Wednesday, December 19th, 2012
Parents whose children have been diagnosed with Asperger’s syndrome or other autism spectrum disorders (ASD) are feeling unsettled as news outlets have bandied about reports that the Newtown, Connecticut shooter, Adam Lanza, may have had an Asperger’s diagnosis, leading some to assume a link between the syndrome and violent behavior. Aspergers’s, however, is not associated with violence, as from The New York Times reports:
Individuals with autism spectrum disorders, who are often bullied in school and in the workplace, frequently do suffer from depression, anxiety and suicidal thoughts. A divorce mediator who met with the parents of Adam Lanza, the gunman, during their divorce told The Associated Press that the couple had said that their son’s condition had been diagnosed as Asperger syndrome.
But experts say there is no evidence that they are more likely than any other group to commit violent crimes.

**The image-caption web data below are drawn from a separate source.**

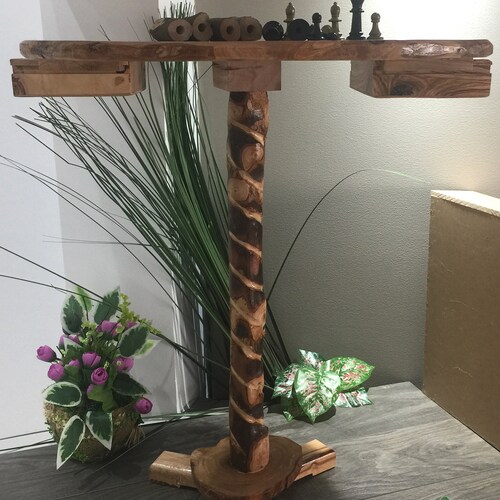 Xmas gift, new year present, Birthday gift, wedding anniversary gift, Olive wood rustic chess set board with shops stand 23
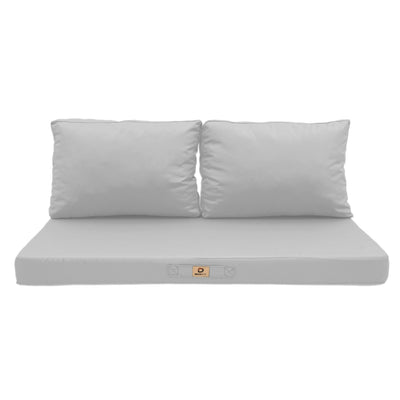 Ensemble de coussins gris galet pour salon jardin, déhoussables et anti-UV, comprenant une assise et deux dossiers.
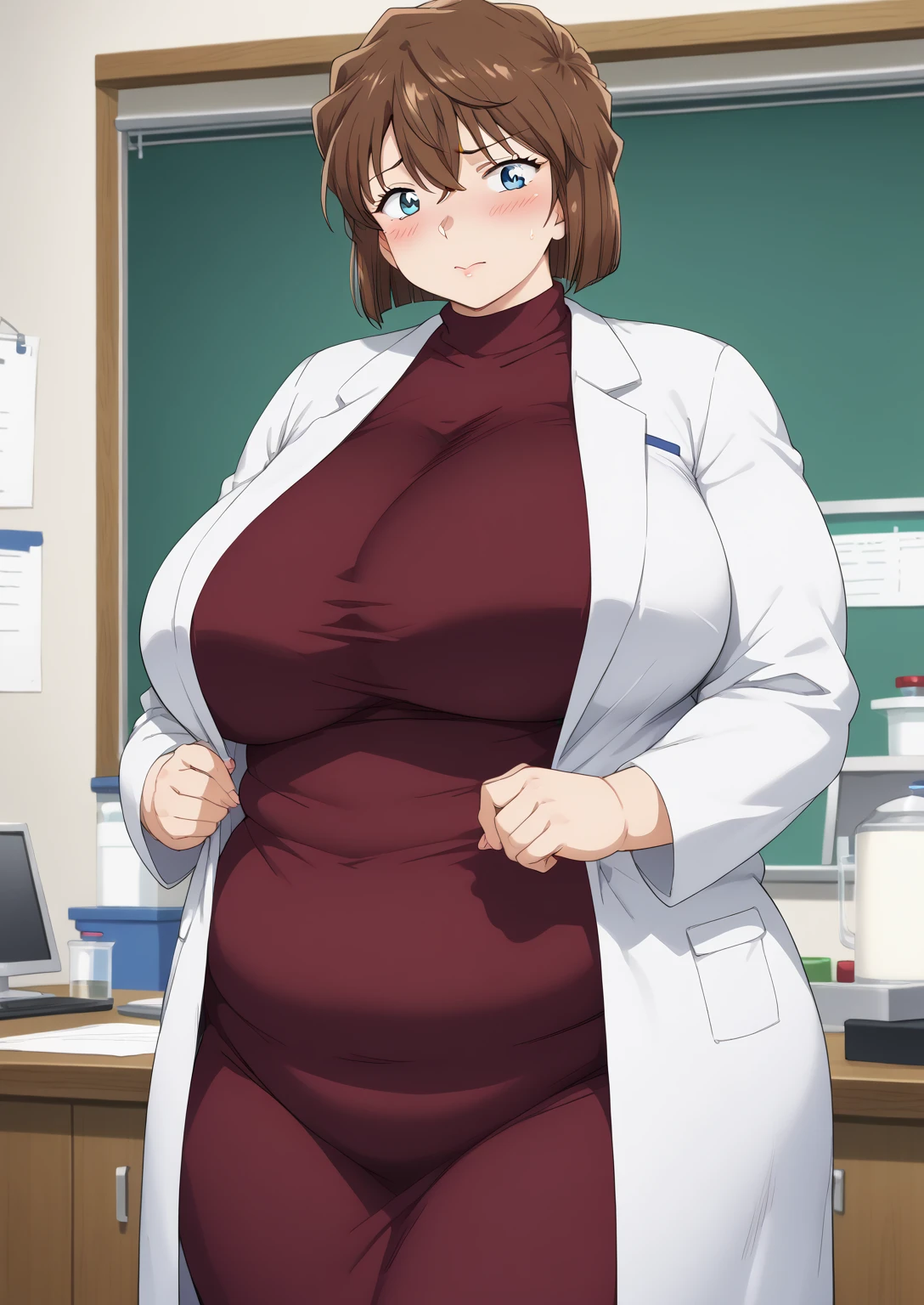 Shiho Miyano, Miyano Shiho, short hair,Brown Hair, blue eyes,hair between eyes,lab coat, Mulberry dress, long sleeve dress, mini skirt dress, score_9,   score_8_ up,   score_7_ up,   score_6_ up,   score_5_ up,   score_4_ up,     masterpiece   ,   top quality,     very aesthetic  ,    absurd,    source_Anime, Anime screencap,    one woman , Alone,   personal   ,  Super huge breasts, (((S uper huge クレビス, Super huge , Super huge boob))), Curvy,   in her 20s,  Mature Woman,   obese , ,  troubled expression,  ssbbw,  embarrassed expression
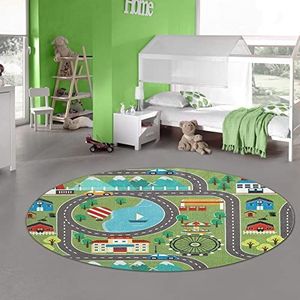 Teppich-Traum Speeltapijt voor kinderen stadslandschap - reuzenrad bergen - groen maat 160 cm rond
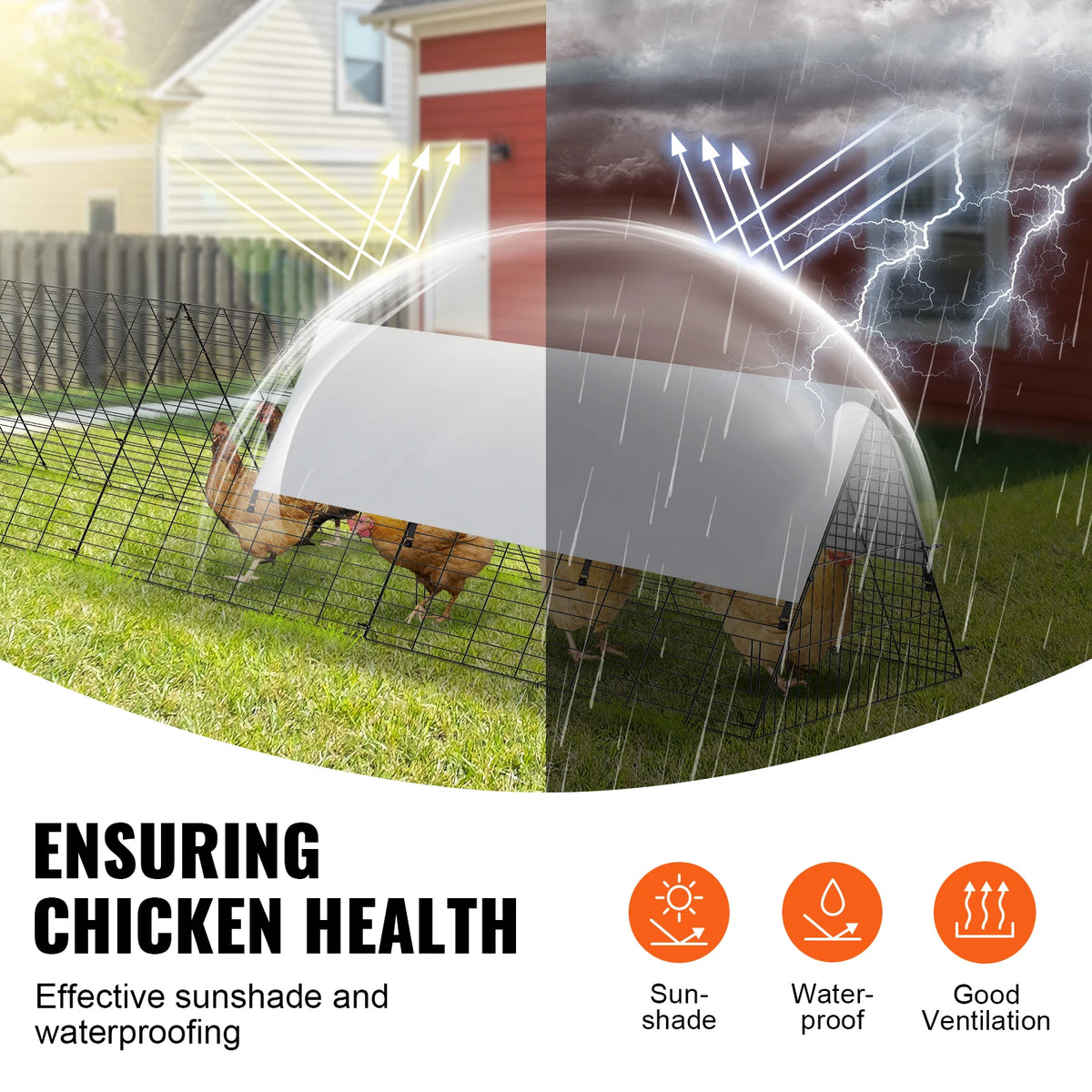 SucceBuy Portable Chicken Tunnels With Corner Frames for Yard
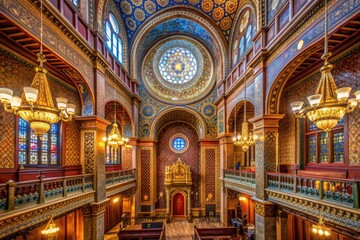 Intricately decorated Moorish Revival-style synagogue interior with ornate chandeliers, golden accents, and stained glass windows in historic Jewish quarter of Prague, Czech Republic.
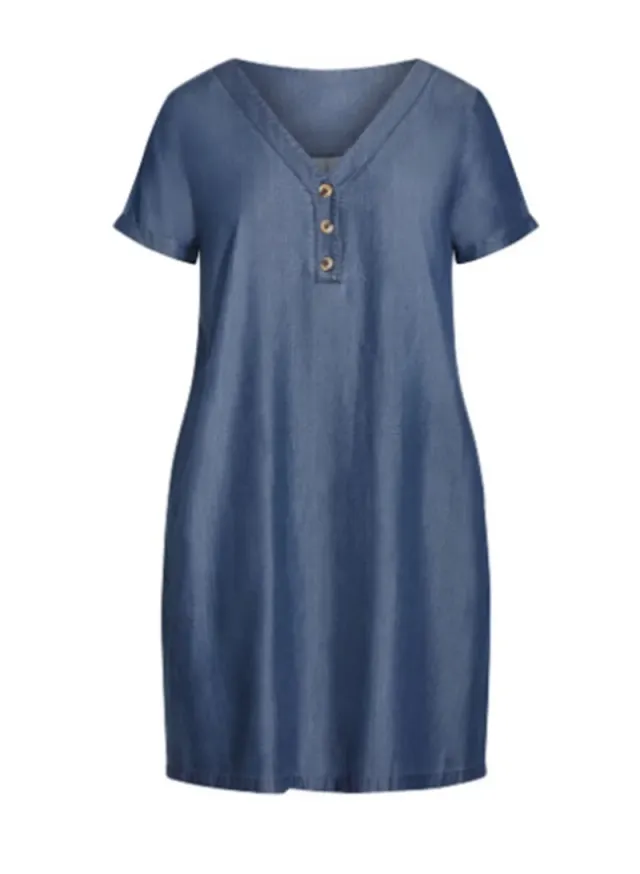 Denim Button-Up Dress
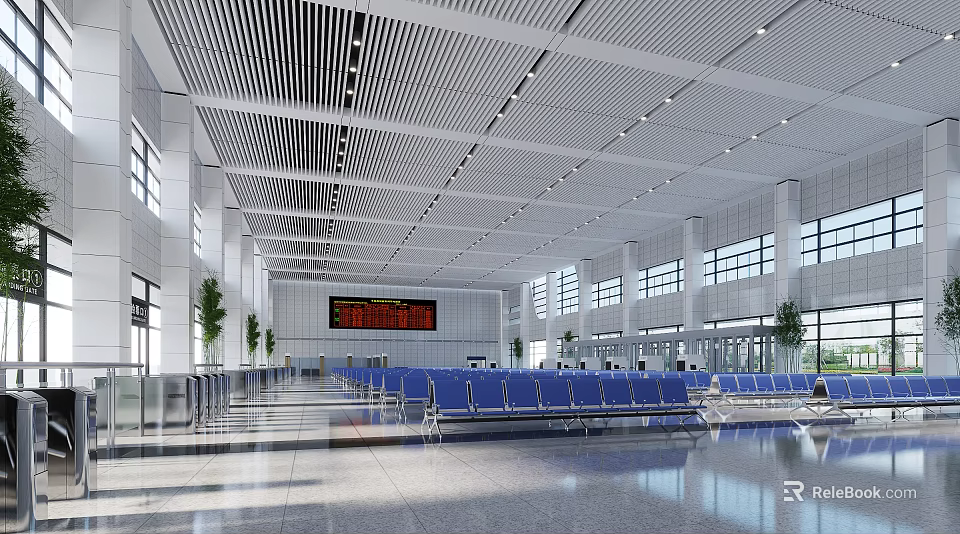 Modern Station Spacious Hall With Blue Seats White Ceiling Large Windows And Information 3d model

“Aggression in autism spectrum disorders is almost never directed to people outside the family or immediate caregivers, is almost never planned, and almost never involves weapons,” said Dr. Catherine Lord, director of the Center for Autism and the Developing Brain at NewYork-Presbyterian hospital. “Each of these aspects of the current case is more common in other populations than autism.”
Dr. Lord said that in an unpublished review of data tracking several hundred adults with autism over at least the past five years, she and fellow researchers had found no use of weapons. Among more than 1,000 older children and adolescents in that study, only 2 percent were reported by parents to have used an implement aggressively toward a nonfamily member — fewer than in a control group. That finding was repeated in another set of data that she analyzed over the weekend at the request of The New York Times.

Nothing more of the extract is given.